D.Net recruits the women and trains them for three months to use a
computer, the Internet, a printer and a camera. It arranges bank loans for the
women to buy bicycles and equipment.
“This way we are providing jobs to jobless women and at the same time
empowering villagers with critical information,” said Ananya Raihan, D.Net’s
executive director.
The women—usually undergraduates from middle-class rural families—aren’t
doling out charity. Begum pays 200 takas ($2.40) for an hour of Skype time with
her husband, who works in Saudi Arabia.
Begum smiles shyly when her husband’s cheerful face pops up. With
earphones in place, she excitedly tells him she received the money he sent last
month. He asks her to buy farm land.
Even Begum’s elderly mother-in-law now uses Skype to talk with her son.
“We prefer using Skype to mobile phones because this way we can see him
on the screen,” Begum said, beaming happily from her tiny farming village in
Gaibandha district, 120 miles (192 kilometers) north of the capital, Dhaka.
In the neighboring village of Saghata, an Info Lady is 16-year-old
Tamanna Islam Dipa’s connection to social media.
The Info Ladies also provide a slew of social services—some for a fee
and others for free.
They sit with teenage girls where they talk about primary health care and
taboo subjects like menstrual hygiene, contraception and HIV. They help
villagers seeking government services write complaints to authorities under the
country’s newly-enacted Right to Information Act.

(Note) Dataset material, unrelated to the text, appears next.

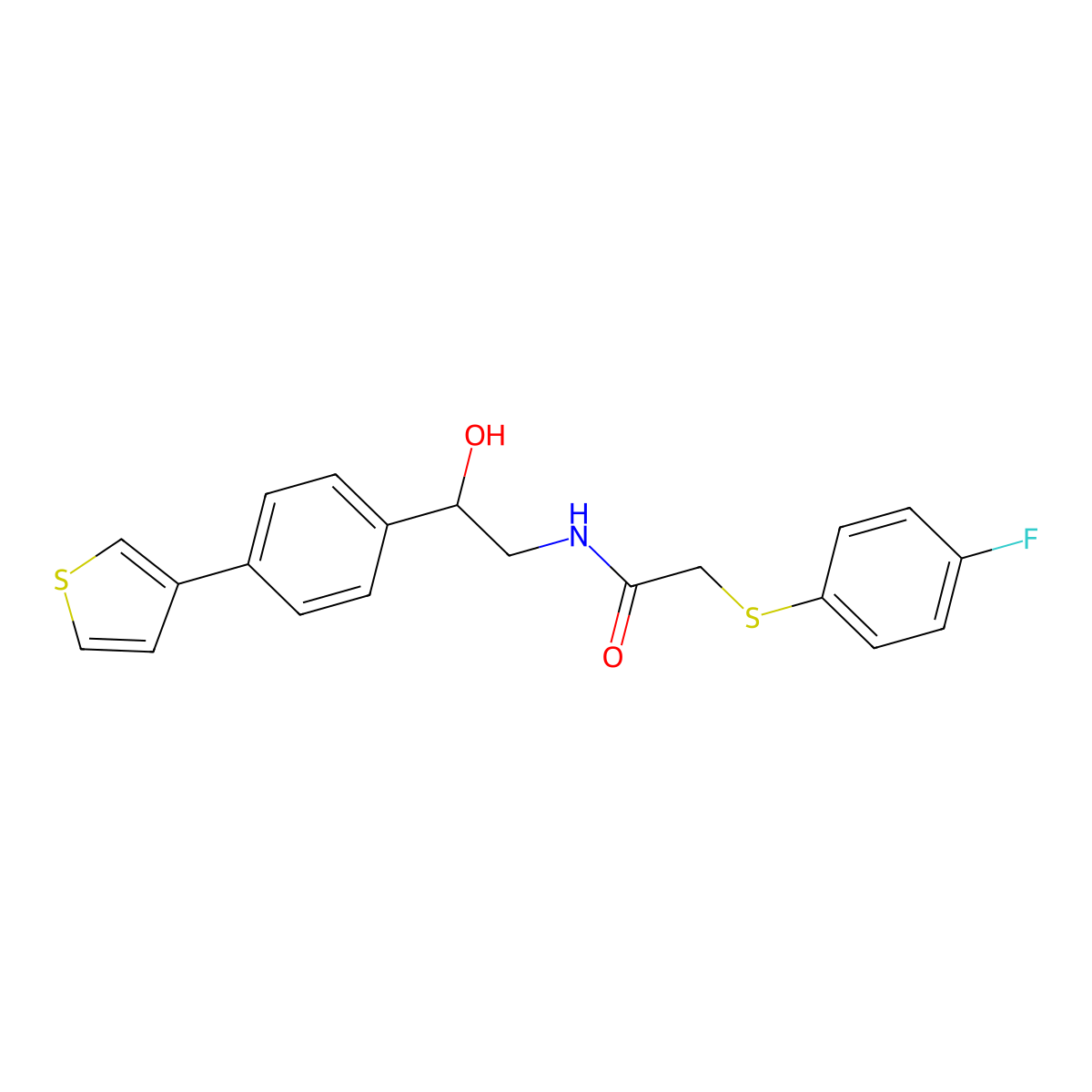 2-[(4-fluorophenyl)sulfanyl]-N-{2-hydroxy-2-[4-(thiophen-3-yl)phenyl]ethyl}acetamide molecular structure, CAS 2310147-13-6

They talk to farmers about the correct use of fertilizer and
insecticides. For 10 takas (12 cents) they help students fill college
application forms online. They’re even trained to test blood pressure and blood
sugar levels.
“The Info Ladies are both entrepreneurs and public service providers,”
Raihan said.
Raihan borrowed the idea from Bangladeshi Nobel laureate Muhammad Yunus,
who in 2004 introduced mobile phones to rural women who had no access to
telephones of any kind, by training and sending out scores of “Mobile Ladies”
into the countryside.
That hugely successful experiment drew in commercial mobile phone
operators. Now more than 92 million people in Bangladesh have cellphone access.
Nearly 60 Info Ladies are working in 19 of Bangladesh’s 64 districts. By
2016, Raihan hopes to train 15,000 women.
“It’s very innovative,” says Jamilur Reza Chaudhury, a pioneer of
information technology education in Bangladesh. “The project is really having
an impact on the people at grass-root level.”